DÜNDEN DEVAM
Türk devletlerinde askeri teşkilat kendisini Hz. Ömer’e değil Hz. Ali’ye bağlar. Bunun sebebi de
Hz. Peygamber’in, Uhud’da canını Peygamber’e siper ederek Zülfikar adlı kılıcıyla onu savunan Hz. Ali için, “Ali’nin üstüne feta (yiğit) yoktur. Zülfikar’ın üstüne de kılıç yoktur” sözüdür
(Taberi, Tarih: 3/27). Abbasi halifesi Nasır Lidinillah’ın (1180-1225), yiğitlik sembolü fütüvvet giysisini, bizzat dönemin büyük mutasavvıflarından Şeyh Abdülcebbar’ın elinden giymesiyle fütüvvet şalvarı kuşanma gelenekleşmiş, birçok emirlere ve devlet adamlarına fütüvvet payesi verilmiştir. Feta yiğit, fütüvvet yiğitlik demektir. Nefsin kötü arzularına karşı direnme, her türlü iyiliği, güzel ahlakı uygulama yolu olduğu için fütüvvet, tasavvufta yüksek bir mertebedir, fetaların yani erlerin yoludur. Bu manada Hz. Adem’den Hz. Muhammed’e kadar bütün peygamberler birer feta kabul edilmiştir. Cenabı Hak, İbrahim Aleyhisselam’a feta unvanını verdiği gibi (Enbiya: 60) puta tapmamak, tek Allah’a kulluk etmek için kavimlerinden kaçıp mağaraya sığınan Ashabı Kehf’e de fityeh
(fetalar) demiştir (Kehf: 10, 13).
Gönüllüler ordusu
Fütüvvet sahibi olan kişi, malını dostlarına verdiği gibi mevkiini dahi verir. Bu konuda derin bilgi için Sülemi’nin tarafımdan yaklaşık 35 yıl önce yayınlanmış olan “Fütüvvet Kitabı”nı okumanızda yarar vardır. Aslında bu cereyanın ribatlarla da ilgisi vardır. Sınır boylarında mücahitler evi olarak yapılan ribatlarda kalanlara murabıt denilir.

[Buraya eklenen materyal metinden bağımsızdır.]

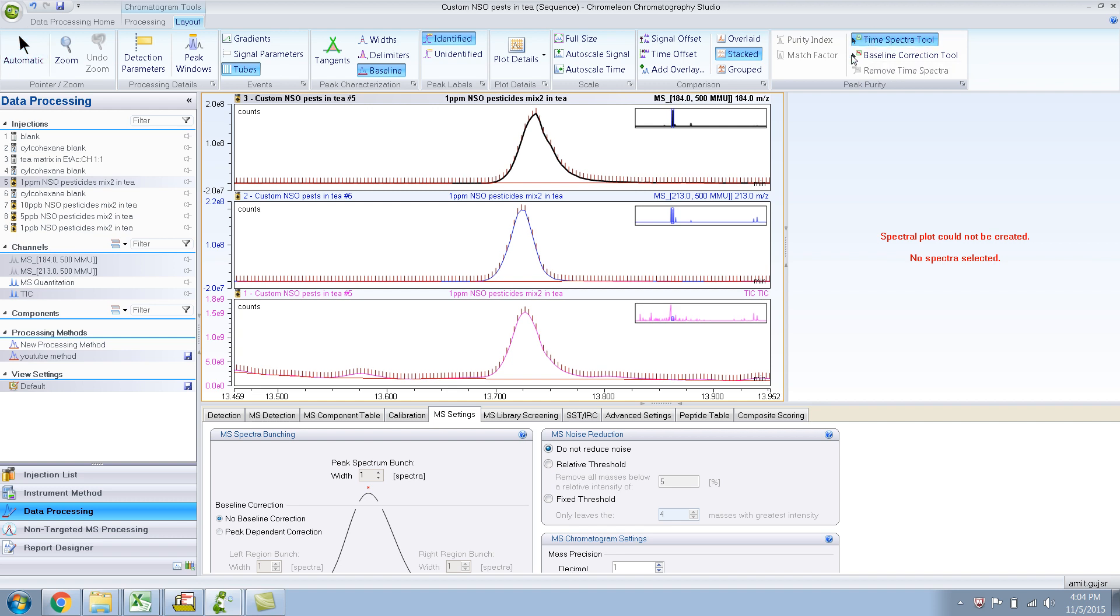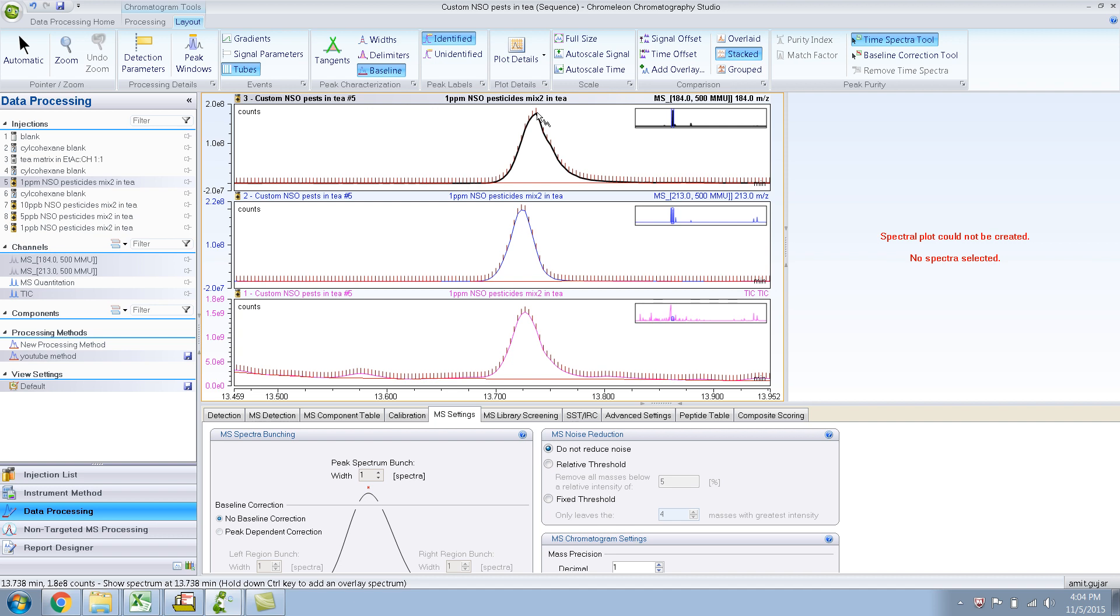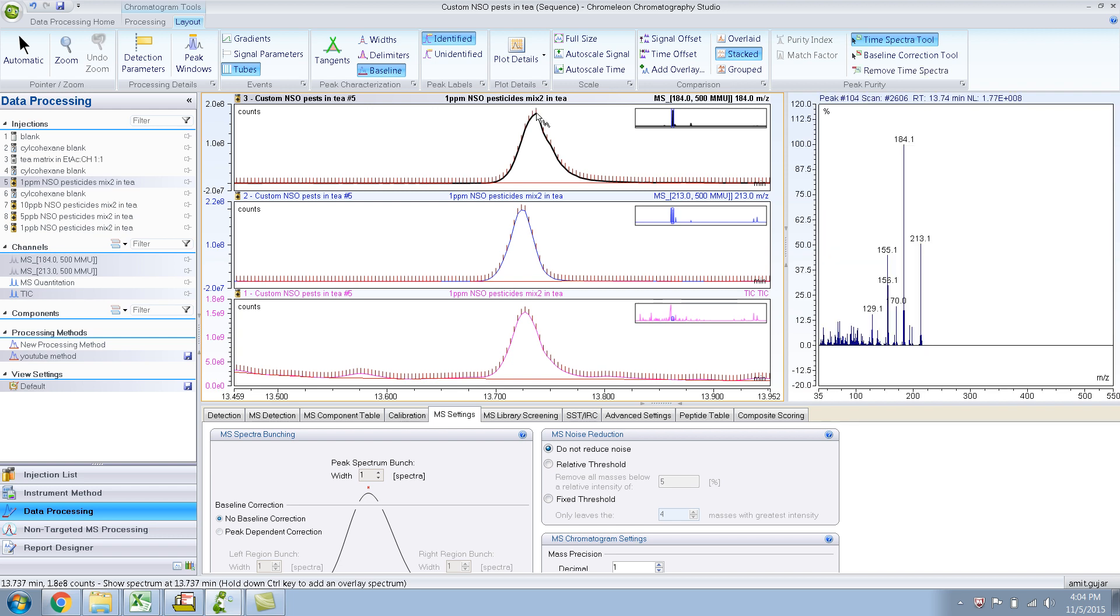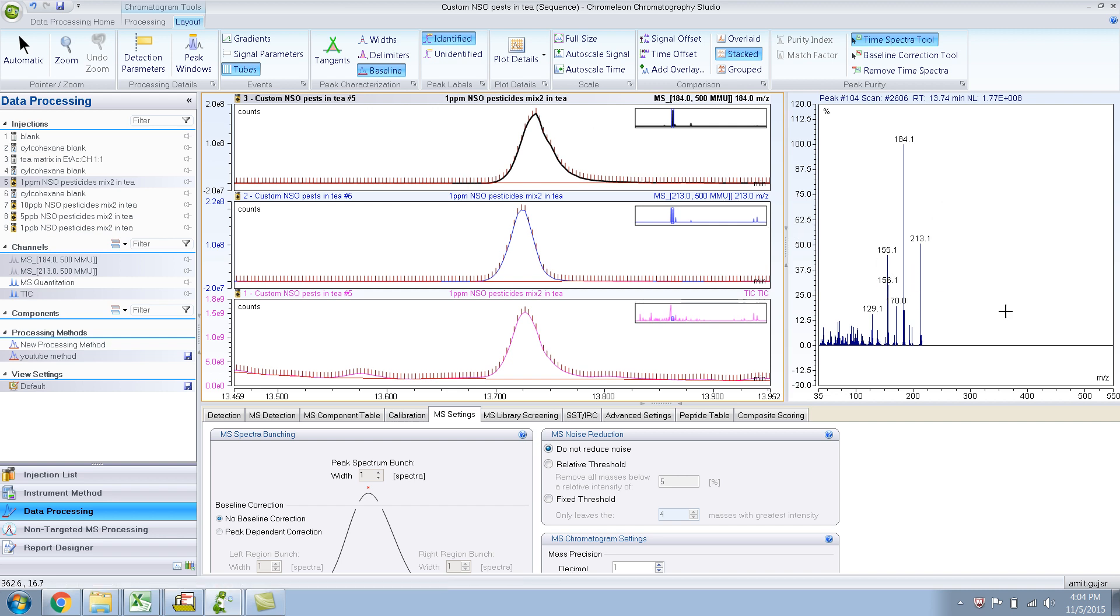So when I choose this, you will get this funny looking - I don't know what it is - some kind of looks like electric lightning or something like that, bolt or something. So let me do that, and when I do that, it will show me on the mass spectra pane the mass spectra for that point.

Murabitun (murabıtlar) genellikle gönüllülerden oluşurdu. Birçokları belli bir zaman cihat görevini yaptıktan sonra yurtlarına döner, başkaları onların yerini alır, böylece yılda birkaç kez törenle mürettebat değişimi olurdu. Düşman saldırısı karşısında mürettebat, civarda eli silah tutan erkeklerle takviye edilir ve bunlar davul çalınarak toplanırdı. Ribatta hayat, nöbet tutmak, askeri eğitim yapmak ve ibadetle geçerdi. Murabıtlar, saygın bir şeyhin yönetimi altında ibadetlerle şehit olmaya hazırlanırlardı.